Spark – How to create an empty Dataset?

Naveen Nelamali

5 years ago

In this article, I will explain how to create an empty Spark Dataset with or without schema (emptyDataset()) by using several Scala examples. Before we start, I have explained one of the many scenarios where we need to create an empty Dataset.

While working with files in Spark, sometimes we may not receive a file for processing, however, we still need to create an empty Dataset similar (same schema) to the Dataset we create when we receive a file.

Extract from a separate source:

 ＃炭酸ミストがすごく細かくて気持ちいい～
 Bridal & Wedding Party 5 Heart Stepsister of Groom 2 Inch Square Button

If we don’t create with the same schema, our operations/transformations on Dataset would fail as we refer to the columns that may not present.

Related: Spark create empty DataFrame

To handle situations similar to these, we always need to create a Dataset with the same schema, which means the same column names and datatypes regardless of the file exists or empty file processing.

First, let’s create a SparkSession and Spark StructType schemas and case class which we will be using throughout our examples.


val spark:SparkSession = SparkSession.builder()
   .master("local[1]")
   .appName("SparkByExamples.com")
   .getOrCreate()

import spark.implicits._

val schema = StructType(
    StructField("firstName", StringType, true) ::
      StructField("lastName", IntegerType, false) ::
      StructField("middleName", IntegerType, false) :: Nil)

val colSeq = Seq("firstName","lastName","middleName")
case class Name(firstName: String, lastName: String, middleName:String)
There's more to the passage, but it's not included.